I gave up trying to advise him, it's akin to putting espresso before a tea drinker.


----------



## coffeebean

Hi, give me a shout and I can quote you for everything you will need for a dual fuel machine including installation - sounds an interesting idea!! Andy


----------



## Stben

coffeebean said:


> Hi, give me a shout and I can quote you for everything you will need for a dual fuel machine including installation - sounds an interesting idea!! Andy


Hi thanks

I have most things at moment fracino duel fuel machine grinder etc, biggest thing trying to sort at moment is the gas ,is there another option rather than using a gas cylinder, which would have to sit next to car


----------



## Jon

Have you bought this Mini already?


----------



## coffeebean

How much of the interior of the car are you keeping? If you are taking the seats out you would probably have room for a gas locker for a bottle


----------



## jlarkin

Jumbo Ratty said:


> Ive had a brain wave !
> 
> Ditch the idea of ramps, take a shovel. Takes up less space than 4 purpose built ramps and is readily available from hardware stores.
> 
> Dig a big hole behind where you park the car, you stand in the hole and the machine will be at the right height.
> 
> You can also level the earth the cars wheels are on. Simply replace the earth before you leave.
> 
> you'll find a thanks button below this post


Thanks Jumbo. Made me genuinely laugh out loud


----------



## Stben

coffeebean said:


> How much of the interior of the car are you keeping? If you are taking the seats out you would probably have room for a gas locker for a bottle


I'm planning on removing rear seats anyway, possibly front passenger seat depending on how things fit in,

i have been looking at refillable cylinders(at fuel station) like used in some motor homes which would mean could top up cylinder do away with need for back up cylinder,

would a cylinder in a gas locker be acceptable for inside vehicle re gas safety certificate


----------



## blueray

I do run a mobile coffee van and lots of what you are after involves all kinds of regulations and will vary with who does the safety check.

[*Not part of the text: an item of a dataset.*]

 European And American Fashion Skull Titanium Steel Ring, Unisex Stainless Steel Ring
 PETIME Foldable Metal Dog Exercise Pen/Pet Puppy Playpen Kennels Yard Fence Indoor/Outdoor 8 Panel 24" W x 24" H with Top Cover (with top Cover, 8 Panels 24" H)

First you will need a vent inside the rear of the car boot for ventilation (crazy I know as you are outside the car but there the regs)

as far as the gas is concerned you will need to run copper pipe to an exit point and include a separate shut off valve and then I ran 2m rubber hose to the cylinder it has to be min 1m away from the car

when it comes to an enclosure you can use a dog cage which has air flow and can be secure from the public. Hope this helps.


----------



## Stben

blueray said:


> I do run a mobile coffee van and lots of what you are after involves all kinds of regulations and will vary with who does the safety check.
> 
> First you will need a vent inside the rear of the car boot for ventilation (crazy I know as you are outside the car but there the regs)
> 
> as far as the gas is concerned you will need to run copper pipe to an exit point and include a separate shut off valve and then I ran 2m rubber hose to the cylinder it has to be min 1m away from the car
> 
> when it comes to an enclosure you can use a dog cage which has air flow and can be secure from the public. Hope this helps.


Yes that is a help, looking at regulations I don't think I will get away with fixing cylinder in vehicle,

do u carry a spare cylinder,

i didn't want to operate with cylinder outside of car but looks like only way to go

thanks


----------



## blueray

Yes I do carry a spare cylinder but if you start with a full one that will last 4-5 full day events I usually carry the spare when I have done between 2-3 events

but as you can see it is possible not to. Make sure you always ask the event if they have electricity available and rig the car with a mains input plug.

Where are you based.


----------



## Stben

blueray said:


> Yes I do carry a spare cylinder but if you start with a full one that will last 4-5 full day events I usually carry the spare when I have done between 2-3 events
> 
> but as you can see it is possible not to. Make sure you always ask the event if they have electricity available and rig the car with a mains input plug.
> 
> Where are you based.


based in Aberdeen, Scotland,

most events I may have my van alongside as well, (for ice cream bike) so carrying spare cylinder shouldn't be problem, but ideally would like to have everything fitted in mini that's required,


----------